I’ve always felt that cursing is a rather “base behavior”:http://open-dialogue.com/blog/?p=194. I don’t think I’ve ever seen a place where its presence ever contributed anything useful or productive to the situation. It only seems to take and never give, and this is definitely true of literature. For me, at least, my reading experience is greatly enriched when I don’t have to filter and sort out all kinds of dialogue that makes me uncomfortable. So, keep the profanity out of your writing. I know I sure will.
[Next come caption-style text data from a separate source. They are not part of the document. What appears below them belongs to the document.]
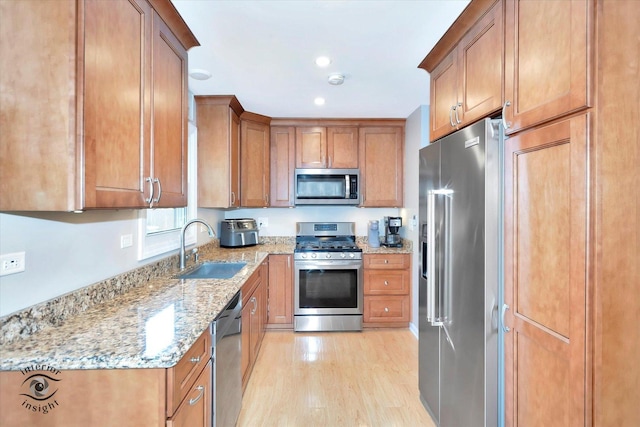 14727 Central Park Ave, Midlothian, IL 60445 - kitchen featuring appliances with stainless steel finishes, light wood-style flooring, brown cabinetry, light stone countertops, and recessed lighting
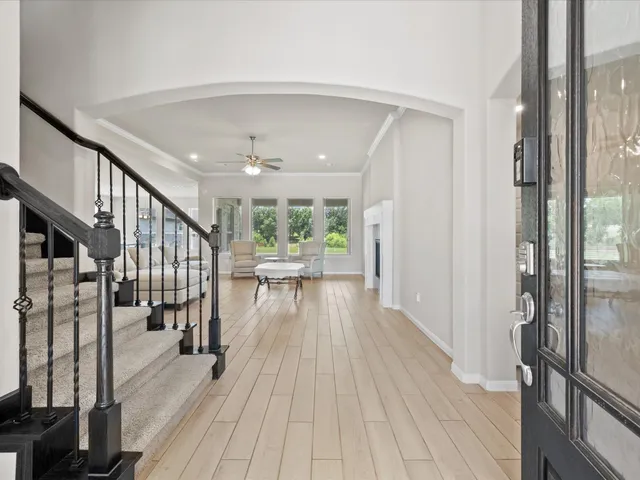 a view of entryway with wooden floor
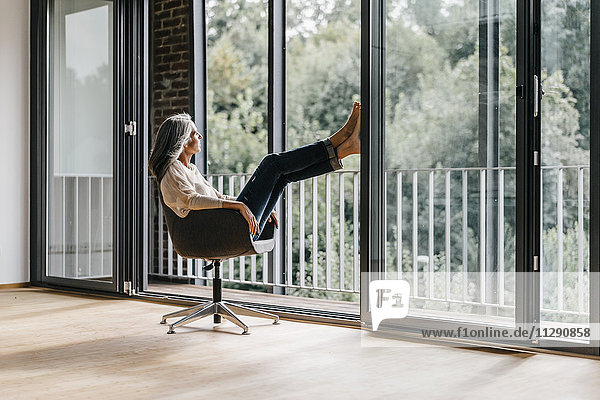 Frau mit langen grauen Haaren auf dem Stuhl am Fenster sitzend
I have something against ‘Christians’ who drop profanities in casual conversation. It’s probably the idealist in me, but I tend to think that Christians ought to shy away from such practice. For one thing I’ve never heard a profane word that I felt contributed anything intelligent to a conversation. In fact I’ve always given _less_ credibility to people whose regular dialogue includes curse words exactly because it makes them sound so much more ignorant. Apply this to people who call themselves Christians and such people lose a notch or three of my respect.
Tack on another item – a lot of people are offended by profanity, _particularly_ when it is casual. Christians have an obligation, whether they acknowledge and accept that fact or not, to maintain a higher standard of living. This standard dictates avoiding such behaviors as are deemed offensive for the sake the maintaining a testimony for Christ that is without spot or blemish. To hear a Christian use profanity is disappointing because it tarnishes the image of Christ, whose reflection we are to put out to the world.
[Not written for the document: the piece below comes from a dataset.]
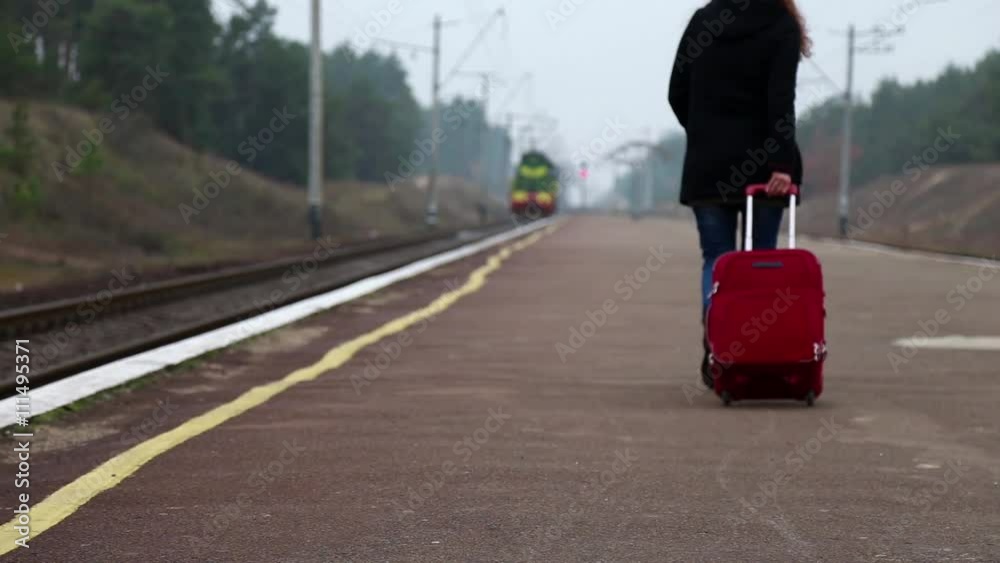 Girl at the Train Station Walking Along the Platform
And before you cry hypocrite, let me just say that, yes, I place myself under and condemn myself by my own standards. I have something of a wicked temper – I always have. Unfortunately, I’m not perfect and find that my language turns a bit blue when I get angry. As often as I bite my tongue when I’m mad, I’m not perfect (how often I wish I was). Always, though, when I have slipped up, I recognize my wrong and feel appropriately guilty. Forgiveness is sought and restitution made as best as possible. Even so, I make a point of _not_ slipping into potty-mouthed behaviors in casual conversation and writing.
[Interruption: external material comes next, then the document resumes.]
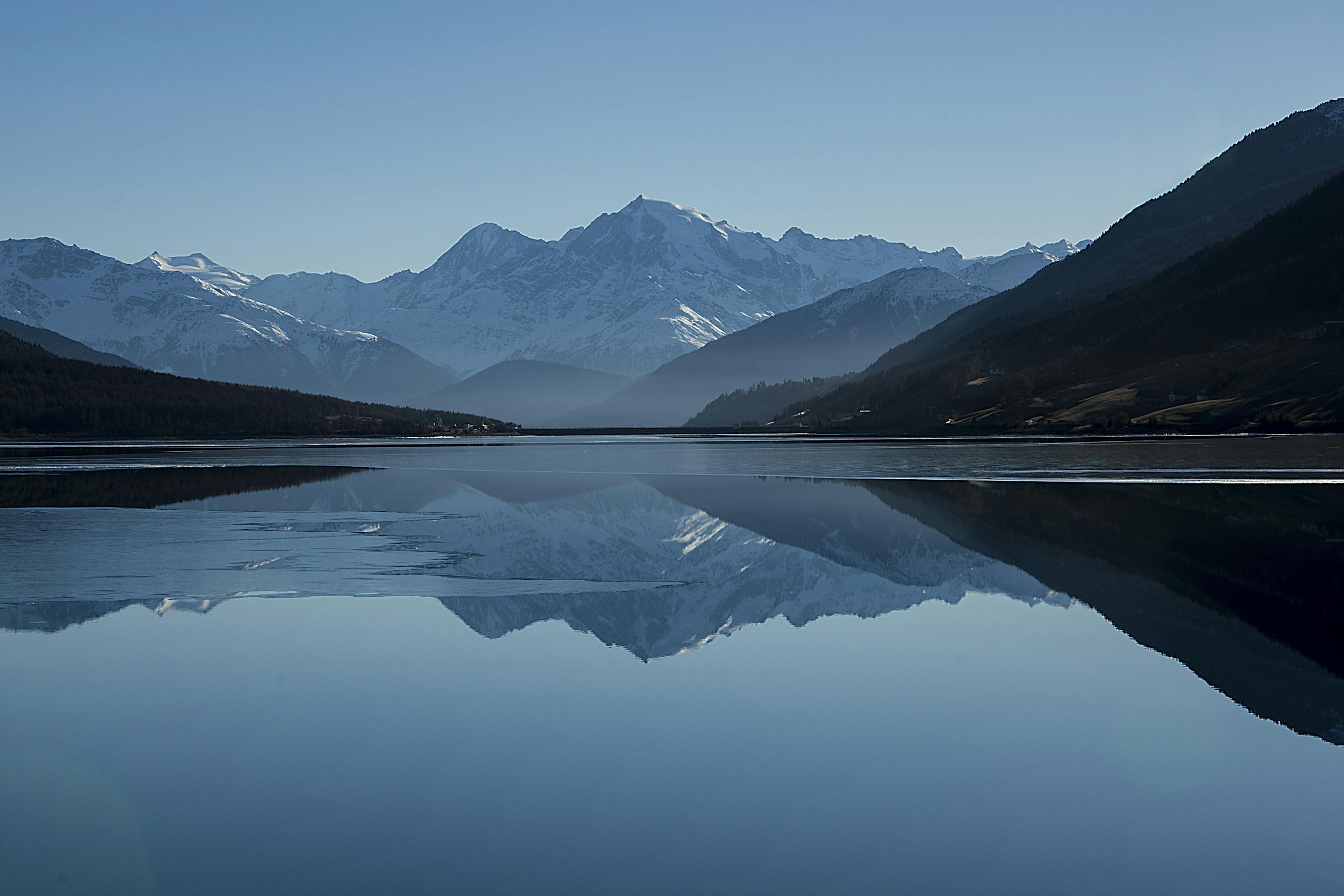 Calm Body of Lake Between Mountains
I don’t know if it’s a symptom of our culture or of our churches or both, but I _have_ seen a fair number of believers who seem to have no problem at all with certain terminology in their discourse. I know that some justify it by saying that this allows them access to certain circles they might not otherwise meet, but I don’t believe that a wrong makes right. I have actually found that by _not_ engaging in similar behavior it is possible to engage the same groups because you gain their respect for not sinking to those levels. It’s strange – as much as people have little problem with a coarser way of speaking, they do seem to recognize that it is a lesser way of it. And so when they meet someone who can dialogue with them intelligently without engaging in profanity with them, they at least take notice, and I have found that they often listen to what I have to say with greater attentiveness.
So, clean up the language, kids. I think you might be surprised at the result.